Masklin took her gently by the arm.
'I think he wants to be alone for a while,' he said. He pulled the tip of his spear across the broad sheet of paper, creasing it, and folded it up until it was small enough to carry.
'I expect the Abbot will want to see it,' he said. 'He'll never believe us if we-' He stopped. Grimma was staring over his shoulder. He turned, and looked out through the glass part of the great door into the corridor beyond. There was a shadow out there. Human-shaped. And growing bigger.
What is it?' she said.
Masklin gripped the spear. 'I think,' he said, 'it may be Prices Slashed.' They turned and hurried over to Gurder.
'There's someone coming,' Masklin whispered. 'Get down to the floor, quickly!' 'Demolished!' moaned Gurder, hugging himself and rocking from side to side. 'Everything Must Go! Final Reductions! We're all doomed!' 'Yes, but do you think you could go and be doomed on the floor?' said Masklin.
'He's not himself; you can see that,' said Grimma. 'Come on,' she added, in a horribly cheerful voice. 'Upsydaisy.' She lifted him up bodily and helped him towards the rope of clips. Masklin followed them, walking backwards with his eye on the door.
He thought: he has seen the light. It should be dark in here now, and he has seen the light. But I'll never get it off in time and anyway, it won't make any difference. I don't believe in any demon called Prices Slashed and now, here he comes. What a strange world.
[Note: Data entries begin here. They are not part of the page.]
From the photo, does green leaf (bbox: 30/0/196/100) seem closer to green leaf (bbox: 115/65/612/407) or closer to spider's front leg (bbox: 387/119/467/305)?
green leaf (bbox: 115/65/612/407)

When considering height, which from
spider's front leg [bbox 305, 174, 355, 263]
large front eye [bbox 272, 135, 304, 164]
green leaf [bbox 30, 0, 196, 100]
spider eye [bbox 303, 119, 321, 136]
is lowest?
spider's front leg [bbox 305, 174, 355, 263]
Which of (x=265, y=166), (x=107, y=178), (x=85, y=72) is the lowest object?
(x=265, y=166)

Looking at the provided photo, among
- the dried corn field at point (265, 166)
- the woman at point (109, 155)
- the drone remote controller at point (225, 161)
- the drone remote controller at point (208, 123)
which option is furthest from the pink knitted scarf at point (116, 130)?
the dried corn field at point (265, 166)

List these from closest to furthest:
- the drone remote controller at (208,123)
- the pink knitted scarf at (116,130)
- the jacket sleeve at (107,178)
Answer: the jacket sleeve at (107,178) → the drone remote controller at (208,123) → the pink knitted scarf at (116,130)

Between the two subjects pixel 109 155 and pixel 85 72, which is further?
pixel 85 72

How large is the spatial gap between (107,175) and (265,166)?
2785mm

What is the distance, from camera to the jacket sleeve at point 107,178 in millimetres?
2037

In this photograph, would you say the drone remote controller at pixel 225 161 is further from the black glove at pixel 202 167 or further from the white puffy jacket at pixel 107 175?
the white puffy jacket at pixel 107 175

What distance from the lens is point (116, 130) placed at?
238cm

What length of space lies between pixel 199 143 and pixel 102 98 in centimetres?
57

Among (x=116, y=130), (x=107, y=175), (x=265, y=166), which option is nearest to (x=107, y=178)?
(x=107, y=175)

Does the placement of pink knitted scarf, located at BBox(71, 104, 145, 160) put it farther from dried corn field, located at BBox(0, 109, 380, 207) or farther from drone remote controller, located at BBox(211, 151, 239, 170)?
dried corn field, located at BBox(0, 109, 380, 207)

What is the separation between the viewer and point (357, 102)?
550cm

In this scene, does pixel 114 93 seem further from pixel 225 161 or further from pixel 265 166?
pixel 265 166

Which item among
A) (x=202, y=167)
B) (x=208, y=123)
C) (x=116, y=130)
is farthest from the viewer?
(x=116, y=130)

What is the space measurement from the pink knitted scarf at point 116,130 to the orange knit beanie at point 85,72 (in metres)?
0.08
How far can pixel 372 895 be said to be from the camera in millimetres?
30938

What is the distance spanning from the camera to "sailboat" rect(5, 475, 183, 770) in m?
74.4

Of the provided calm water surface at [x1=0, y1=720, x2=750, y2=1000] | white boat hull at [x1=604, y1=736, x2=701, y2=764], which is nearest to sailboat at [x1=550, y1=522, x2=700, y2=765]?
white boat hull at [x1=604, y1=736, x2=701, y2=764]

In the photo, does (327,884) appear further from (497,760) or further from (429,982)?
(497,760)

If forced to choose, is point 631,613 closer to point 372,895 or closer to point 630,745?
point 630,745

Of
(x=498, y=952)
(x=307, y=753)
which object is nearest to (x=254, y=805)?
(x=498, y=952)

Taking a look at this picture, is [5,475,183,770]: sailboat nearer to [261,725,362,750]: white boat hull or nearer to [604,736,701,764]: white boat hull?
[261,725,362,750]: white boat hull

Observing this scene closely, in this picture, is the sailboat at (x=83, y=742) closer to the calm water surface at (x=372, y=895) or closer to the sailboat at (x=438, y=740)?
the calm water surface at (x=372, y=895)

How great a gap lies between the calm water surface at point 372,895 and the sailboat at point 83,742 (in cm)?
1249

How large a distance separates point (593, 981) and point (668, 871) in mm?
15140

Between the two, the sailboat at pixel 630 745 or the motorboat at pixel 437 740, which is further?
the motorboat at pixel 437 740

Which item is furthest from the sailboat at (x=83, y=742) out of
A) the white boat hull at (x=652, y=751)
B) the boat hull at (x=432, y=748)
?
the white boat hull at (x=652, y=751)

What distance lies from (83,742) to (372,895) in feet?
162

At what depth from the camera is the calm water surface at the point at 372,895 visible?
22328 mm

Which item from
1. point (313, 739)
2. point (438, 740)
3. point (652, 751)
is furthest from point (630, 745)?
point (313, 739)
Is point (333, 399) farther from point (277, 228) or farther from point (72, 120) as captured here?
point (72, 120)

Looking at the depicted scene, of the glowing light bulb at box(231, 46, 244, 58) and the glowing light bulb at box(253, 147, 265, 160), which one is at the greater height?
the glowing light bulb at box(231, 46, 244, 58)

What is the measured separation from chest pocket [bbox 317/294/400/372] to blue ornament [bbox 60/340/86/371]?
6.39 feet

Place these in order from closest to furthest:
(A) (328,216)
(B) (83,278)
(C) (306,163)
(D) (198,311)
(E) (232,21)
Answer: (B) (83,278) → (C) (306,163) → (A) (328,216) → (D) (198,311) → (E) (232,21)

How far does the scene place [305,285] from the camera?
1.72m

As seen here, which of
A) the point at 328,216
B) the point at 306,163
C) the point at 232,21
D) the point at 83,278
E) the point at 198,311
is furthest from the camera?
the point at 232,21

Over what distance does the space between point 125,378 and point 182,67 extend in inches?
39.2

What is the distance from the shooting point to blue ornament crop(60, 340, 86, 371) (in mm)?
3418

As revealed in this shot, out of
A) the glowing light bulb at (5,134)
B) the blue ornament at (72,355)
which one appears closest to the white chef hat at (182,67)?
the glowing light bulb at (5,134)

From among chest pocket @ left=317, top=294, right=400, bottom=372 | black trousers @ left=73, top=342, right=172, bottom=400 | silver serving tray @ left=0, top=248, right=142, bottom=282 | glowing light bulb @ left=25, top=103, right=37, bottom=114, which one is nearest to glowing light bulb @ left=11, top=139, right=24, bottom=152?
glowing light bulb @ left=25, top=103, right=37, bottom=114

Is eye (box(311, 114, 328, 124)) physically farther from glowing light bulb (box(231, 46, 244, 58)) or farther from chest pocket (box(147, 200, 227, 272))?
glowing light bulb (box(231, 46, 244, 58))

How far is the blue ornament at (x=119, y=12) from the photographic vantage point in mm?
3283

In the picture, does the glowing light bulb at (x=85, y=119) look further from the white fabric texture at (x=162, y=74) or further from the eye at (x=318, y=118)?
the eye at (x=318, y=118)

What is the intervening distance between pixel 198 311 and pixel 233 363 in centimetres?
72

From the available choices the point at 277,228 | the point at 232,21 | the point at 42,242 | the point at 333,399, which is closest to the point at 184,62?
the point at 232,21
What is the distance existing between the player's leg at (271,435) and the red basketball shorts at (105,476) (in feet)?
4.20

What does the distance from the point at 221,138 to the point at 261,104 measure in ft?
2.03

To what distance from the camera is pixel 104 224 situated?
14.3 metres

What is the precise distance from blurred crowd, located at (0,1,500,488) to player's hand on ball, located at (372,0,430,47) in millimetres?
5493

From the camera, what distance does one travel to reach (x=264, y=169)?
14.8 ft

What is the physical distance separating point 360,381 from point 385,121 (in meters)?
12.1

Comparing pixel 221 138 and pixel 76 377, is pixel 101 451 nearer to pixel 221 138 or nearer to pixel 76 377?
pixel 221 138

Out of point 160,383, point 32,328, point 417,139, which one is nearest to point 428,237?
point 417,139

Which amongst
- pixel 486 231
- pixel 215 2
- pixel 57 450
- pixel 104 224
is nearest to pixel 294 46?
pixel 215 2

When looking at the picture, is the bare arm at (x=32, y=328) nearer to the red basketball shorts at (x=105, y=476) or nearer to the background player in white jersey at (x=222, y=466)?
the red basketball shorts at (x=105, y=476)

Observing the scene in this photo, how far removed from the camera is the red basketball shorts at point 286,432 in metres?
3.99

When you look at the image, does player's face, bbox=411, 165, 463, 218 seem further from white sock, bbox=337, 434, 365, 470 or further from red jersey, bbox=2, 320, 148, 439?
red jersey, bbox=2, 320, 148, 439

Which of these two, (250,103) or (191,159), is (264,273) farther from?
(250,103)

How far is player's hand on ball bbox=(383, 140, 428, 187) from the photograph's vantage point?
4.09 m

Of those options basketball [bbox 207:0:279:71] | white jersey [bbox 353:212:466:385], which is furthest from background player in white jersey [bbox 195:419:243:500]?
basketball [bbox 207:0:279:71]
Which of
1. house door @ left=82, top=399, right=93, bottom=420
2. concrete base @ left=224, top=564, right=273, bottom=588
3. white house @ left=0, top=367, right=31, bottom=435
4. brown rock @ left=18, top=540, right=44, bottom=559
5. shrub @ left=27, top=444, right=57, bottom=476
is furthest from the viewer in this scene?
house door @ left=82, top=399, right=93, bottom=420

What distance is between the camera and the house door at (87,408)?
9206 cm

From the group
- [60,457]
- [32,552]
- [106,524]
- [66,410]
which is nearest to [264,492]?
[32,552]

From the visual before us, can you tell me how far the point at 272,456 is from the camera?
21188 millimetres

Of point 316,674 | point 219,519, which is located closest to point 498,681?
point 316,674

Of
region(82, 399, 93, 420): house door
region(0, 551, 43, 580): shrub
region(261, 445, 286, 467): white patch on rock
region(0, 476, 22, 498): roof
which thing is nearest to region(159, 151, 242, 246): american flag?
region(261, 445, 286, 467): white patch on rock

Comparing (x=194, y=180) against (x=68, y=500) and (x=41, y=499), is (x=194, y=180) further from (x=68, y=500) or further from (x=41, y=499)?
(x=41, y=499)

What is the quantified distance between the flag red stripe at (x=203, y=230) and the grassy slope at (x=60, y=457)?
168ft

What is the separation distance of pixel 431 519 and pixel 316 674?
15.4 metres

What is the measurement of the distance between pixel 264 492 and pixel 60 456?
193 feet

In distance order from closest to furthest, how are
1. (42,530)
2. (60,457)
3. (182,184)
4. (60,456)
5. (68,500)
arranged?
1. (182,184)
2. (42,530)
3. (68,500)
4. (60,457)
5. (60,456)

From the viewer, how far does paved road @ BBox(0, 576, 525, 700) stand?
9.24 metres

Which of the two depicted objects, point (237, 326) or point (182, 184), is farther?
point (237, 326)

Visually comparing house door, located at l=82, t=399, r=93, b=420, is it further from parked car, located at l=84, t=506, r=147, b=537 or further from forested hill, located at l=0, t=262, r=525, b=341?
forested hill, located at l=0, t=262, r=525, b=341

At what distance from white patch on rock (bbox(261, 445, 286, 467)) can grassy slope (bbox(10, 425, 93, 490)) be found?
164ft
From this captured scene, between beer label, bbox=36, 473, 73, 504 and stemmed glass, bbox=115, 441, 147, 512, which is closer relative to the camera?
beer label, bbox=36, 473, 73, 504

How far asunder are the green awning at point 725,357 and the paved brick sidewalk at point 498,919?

He sidled into the shade of a pile of paper, and waited.
He could hear Gurder's feeble protests, down around floor level, suddenly stop. Perhaps Grimma had hit him with something. She had a way of taking obvious action in a crisis.
The door drifted open, very slowly. There was a figure there. It looked like a human in a blue suit. Masklin wasn't much of a judge of human expressions, but the man didn't look very happy. In one hand he held a metal tube. Light shone out of one end. His terrible light, Masklin thought.
The figure came closer, in that slow-motion, sleep-walking way that humans had. Masklin peered around the paper, fascinated despite himself. He looked up into a round, red face, felt the breath, saw the peaked hat.
He'd learned that humans in the Store had their names on little badges, because he'd been told -they were so stupid they wouldn't remember them otherwise. This man had his name on his hat. Masklin squinted and made out the shape of the letters: S... E .... ....... R...... T ..Y. He had a white moustache.
The man straightened up and started to walk around the room. They're not stupid, Masklin told himself. He's bright enough to know there shouldn't be a light on, and he wants to find out why. He's bound to see the others if he just looks in the right place. Even a human could see them.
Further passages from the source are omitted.